Reznor disappeared for a couple months, and emerged in March 2008 with an unexpected announcement stating a FREE record was to be released, that night. Naturally was locked down due to traffic, but when the dust cleared, one of the coolest record releases was unveiled… Ghosts I–IV.

It was a multi-tiered system, proving to be the evolution of the pay-what-you-want method.

  • Released for free on all of the large Bit-Torrent trackers (,, etc)
  • The first of the 4 cds could be downloaded for free.
  • All 4 cds could be downloaded (any quality) for $5
  • CD was $10
  • Deluxe Edition $75 package included the 2 cds, as well as a dvd with multitrack files (allowing you remix the songs), a HD BluRay audio disc, and a 48 page book with pictures from recording.
  • Ultra $300 edition included the deluxe edition, as well as 180gram LP collection, and screen prints.  (only 2500 made).

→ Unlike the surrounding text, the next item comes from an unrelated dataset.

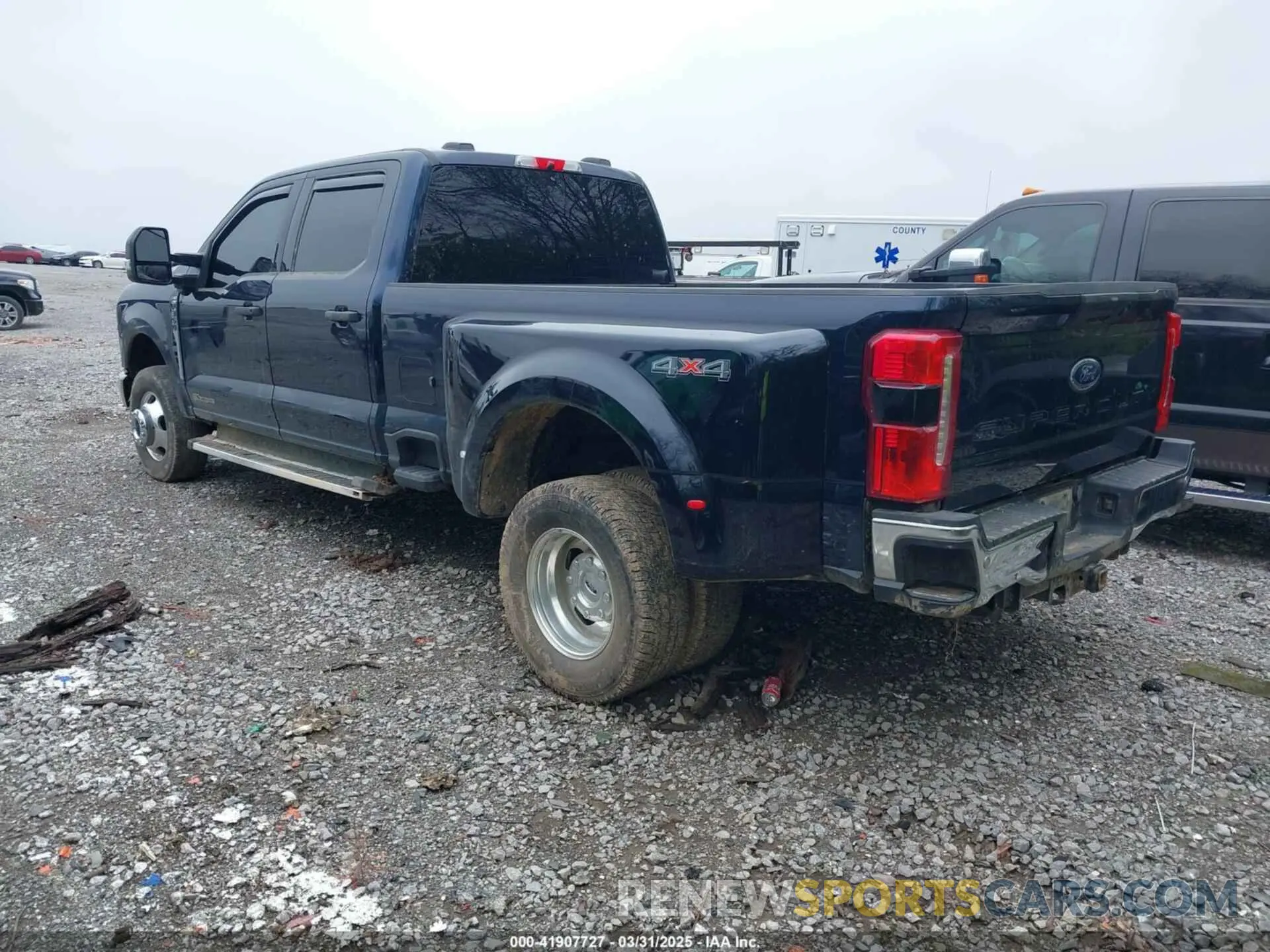 3 fotografías del automóvil dañado 1FT8W3DT9PED87149 FORD F-350 2023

This experiment proved to truly fire on all cylinders, and offer a little something for everyone. The Ultra edition sold out that first week, bringing in a quick $750k.

When all was said and done, this distribution method proved to be a viable option for all things NIN, should Reznor have chosen to try it again… fortunately for us, he did not.

A mere 3 months after Ghosts, he leaked one of his own unreleased tracks to a rock radio dj. Little did we know that this was the first single off of his next record, The Slip. According to Reznor, the track listing and lyrics were finished on a Wednesday, the final mix and album sequencing on Thursday, the mastering on Friday, artwork on Saturday, and the album was released on Sunday, May 5.

What is the significance of him leaking a song? Generally, the process of recording (loosely) starts with a finished song sent out for Mastering. The Master comes back, and the artist and label will sit on it for a set amount of time in hopes to have a coordinated release and promo attack. This is yet another example of Reznor attempting to change the format in which things operate.

The tags on the leaked songs pointed to May 5th, 2008 as an important date. Many people logged into that day to find a message and a link.

“Thank you for your continued and loyal support over the years – this one’s on me.”

He again leaked his own record. As pointed out in the video, this didn’t deter fans from ultimately buying the release, which peaked on the Billboard Top at #13.

Lastly, in 2008, Reznor leaked 400gb’s of HD footage and audio from his tour in support of The Slip.

Why would he do that?

Well, the previous label still had video rights for many of the old songs, so there would be no way for him to legally have a video format release without paying through the nose. Reznor had posted on his forum, complaining that someone had leaked all of the raw footage and audio from his most recent tour. Worst part was, if someone were so inclined, they’d be able to download the footage, and edit their very own DVD of the shows… and possibly even upload it to the internet.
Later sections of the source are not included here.